__What this task involves__
From the line containing "Reciprocating Saw Black+Decker" down to the line containing "Flashlight Zoomable USB" in the records below, reproduce every line exactly, ends included, and omit all others.

__Entries shown__
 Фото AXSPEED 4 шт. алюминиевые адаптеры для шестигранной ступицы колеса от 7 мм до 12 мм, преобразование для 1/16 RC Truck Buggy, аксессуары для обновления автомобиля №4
==
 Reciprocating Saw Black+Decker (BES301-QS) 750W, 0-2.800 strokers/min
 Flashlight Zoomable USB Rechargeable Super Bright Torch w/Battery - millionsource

__Written answer__
 Reciprocating Saw Black+Decker (BES301-QS) 750W, 0-2.800 strokers/min
 Flashlight Zoomable USB Rechargeable Super Bright Torch w/Battery - millionsource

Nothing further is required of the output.